Starting with free will, do we, in fact, have it? At any one moment we do one thing and not another. Was it an open choice or was it predetermined? We appear to make choices. We are members of a generalist species. We do more different things in more different ways in more different habitats on more parts of the earth than any other species that ever lived. We are the ultimate generalist species.
The hallmark of a generalist species is the ability and willingness to try something new, to adapt to new circumstances and new challenges. A specialist species in a new situation either does the same old thing it always did or avoids the novelty or does nothing. A generalist tends to investigate, get involved, make a choice, and do something new. That is us. As a generalist species we adapt by making a wide variety of choices. We certainly act as if we had free will. Most of us believe we have it. It feels like we have it. It appears to be evolutionally favorable that we would have it. I think we have free will, the ability to choose between options and act upon our choices.
Free will is not, however, a certainty. We could have a complicated deterministic process that rules our decision making. One possibility would be that the mind is constantly monitoring the progression of its myths while at the same time remembering, forgetting, and altering its version of various parts of its past, along with the resultant morals and their demonstrations, all in service of some form of mythic optimization. Decisions would be reached as an ongoing part of that optimization process. Of course, what is optimum for a myth may not appear so optimum for a character; people do not always act in their apparent own best interest.
A story is more engaging if the characters have free will, since free will puts the outcome in doubt and maintains interest in the story question, so there would be a bias towards our seeing ourselves as having free will, even if we did not.
If the mind were, in fact, deterministic in this or some similar way, the deterministic process would be such a complex mix of changing influences, mostly unknowable, that it would look like free will, even if it were not.
For the purposes of this book, we shall assume the existence of free will.
Free will is not an imperative. We do not, indeed we cannot, make a conscious decision about everything we do. There is not time. Most of our behavior is determined by habit, myth, and instinct.
Habit is a mental pattern by which we make similar choices to those we made in the past in similar circumstances. The choices may not be on a conscious level, so the behaviors seem automatic. The selection process has been internalized, and the usual payoffs are expected.

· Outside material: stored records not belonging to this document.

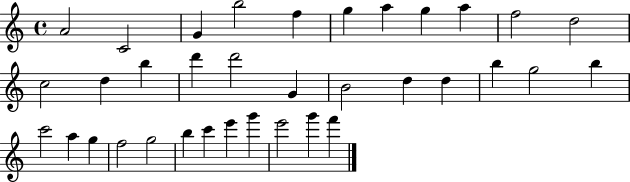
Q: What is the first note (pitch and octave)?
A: A4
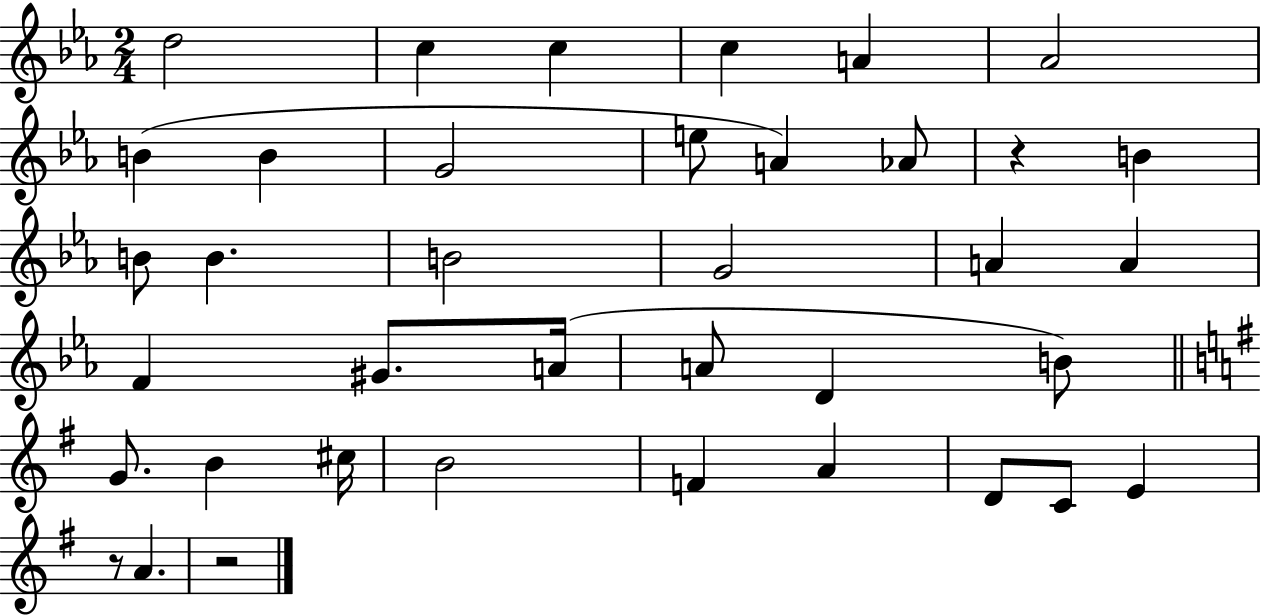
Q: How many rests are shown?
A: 3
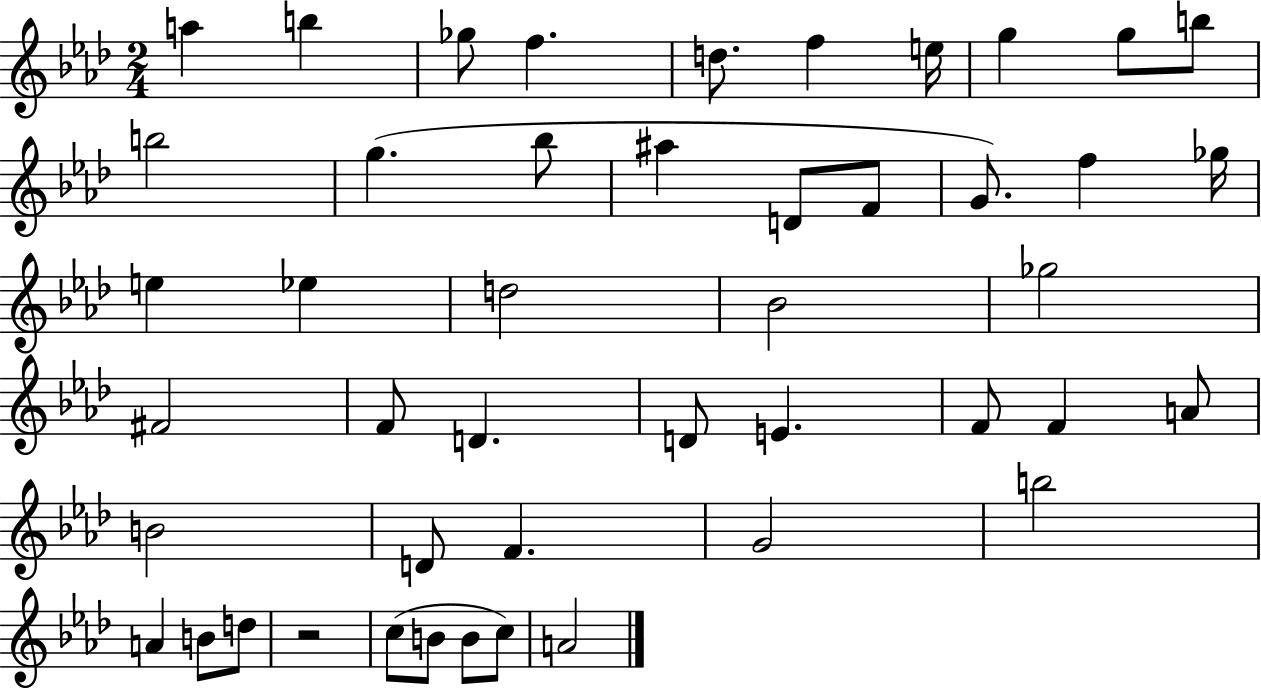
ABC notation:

X:1
T:Untitled
M:2/4
L:1/4
K:Ab
a b _g/2 f d/2 f e/4 g g/2 b/2 b2 g _b/2 ^a D/2 F/2 G/2 f _g/4 e _e d2 _B2 _g2 ^F2 F/2 D D/2 E F/2 F A/2 B2 D/2 F G2 b2 A B/2 d/2 z2 c/2 B/2 B/2 c/2 A2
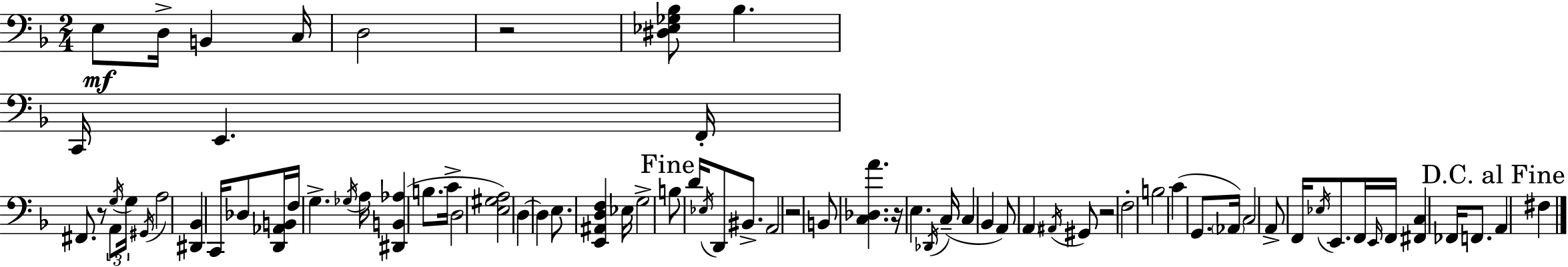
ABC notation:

Myth also controls our choices. In myth we play roles. Any role excludes the possibility of most actions; only those that fit the role are allowed. We are usually reluctant to make a large shift in our myth or to voluntarily step out of character. The role is known territory; we are safe there, or at least dealing with a known risk. The unknown is more frightening. Also, others need us to play certain roles; they apply constraining forces on our behavior. Yet we are still generalists, making adaptations to new stimuli. One common strategy for dealing with this tension is to press outward at the boundaries of role, rather than making a full breakout, stretching the limits rather than exceeding them.
In living by myth we also are limited by our need to make our myth an engaging story. We like to be part of a dramatically satisfying mythic progression. We don’t like to do things that muddle the story.
A dramatically satisfying myth will strike a balance between two conflicting needs. We depend on an ongoing flow of moral demonstration to continually validate our moral package. As life changes and our myth progresses, we come to doubt our understanding of the world and our place in it unless we have a series of reasonably consistent moral demonstrations to reassure us we know what is so.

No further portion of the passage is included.